Pareciese que fuese ayer nomás aquella triste noche del 13 de noviembre de 2004. La noche porteña se había vestido de smoking y sombrero sobre la avenida Corrientes en el Teatro Lola Membrives, en previas de romanticismo y expectativa para los boleros de Chico Novarro pero el destino traidor convirtió cada gota de lluvia nocturna en infinitas lágrimas grises de sal inesperadas y absurdas.
Cuántos años de experiencia han caído en aquel escenario golpeado; un solo de percusión que no encontró la puerta de la conclusión y sí un puñal que le tajeó el corazón y en la madera deslumbrante, su mente inquieta por querer seguir marcó la última figura ante el desazón de los protagonistas.
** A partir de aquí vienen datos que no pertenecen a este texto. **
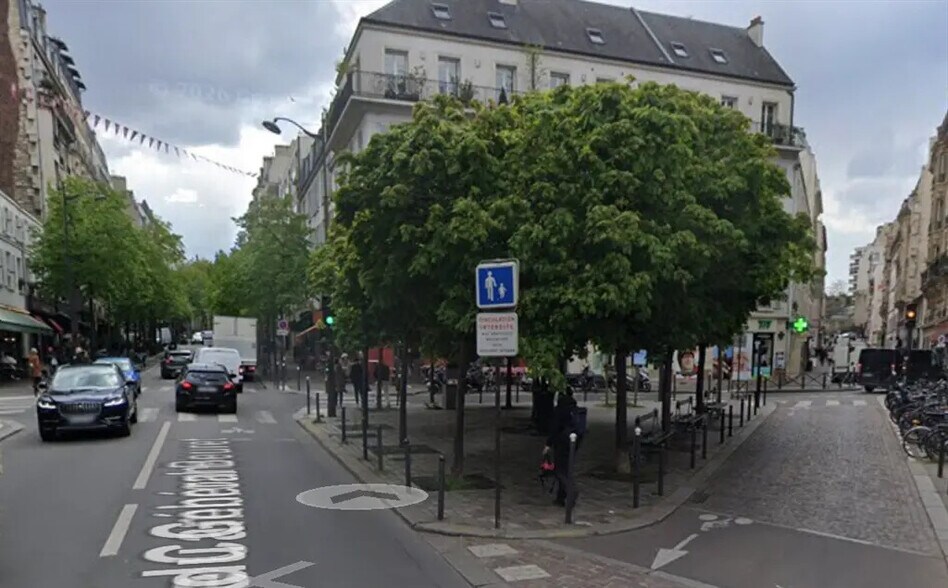 86 Rue Cambronne, Paris à louer - Photo du bâtiment - Image 1 de 3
El telón se había cerrado pero el cuadro era irreversible.
El percusionista santiagueño Domingo Cura nació con el ritmo en la sangre en el árido cielo de la Madre de Ciudades, sintiendo el retumbar del parche de cuero de animal y árbol desbocado por dejar su latido a la legüa por el horizonte. Y cada golpe en el pecho del bombo fue la caricia del sonido que jamás lo desprendió de las raíces.
Incursionó en todos los instrumentos de percusión lo que le permitió recorrer el mundo, actuar y colaborar con videos y películas y conocer a los mejores folkloristas, a caribeños, a ídolos del jazz, del bolero y el rock nacional, y ha grabado en discos mitológicos por donde se lo mire, como La Misa Criolla de 1964.
Ha desparramado sonrisas en cada pétalo que pisaba en las tierras santas en donde dejó una porción de arena y sueño, y el amor, fundamentalmente, fueron las ganas resumidas de hacer, querer y poder tocar y deslumbrar a su público y al ajeno, permitiéndoles alojar una porción de su nombre en sus memorias.
Su perfil bajo, por sobre todas las cosas, fue la humilde y ejemplar escuela innata que recibió de su familia, y en sus ojos, manos remendadas y callos y con años de experiencia en su piel, trasmitió el respeto y la admiración por la música.
Domingo Cura marcó un tiempo de enseñanza y triunfo desde lo más bajo y deja actualmente un desvelo, deseo y esperanza para aquellos que supieron entender y adoptar, aunque sea en pequeñas dimensiones, la maestría recibida desde el escenario hacia los oídos.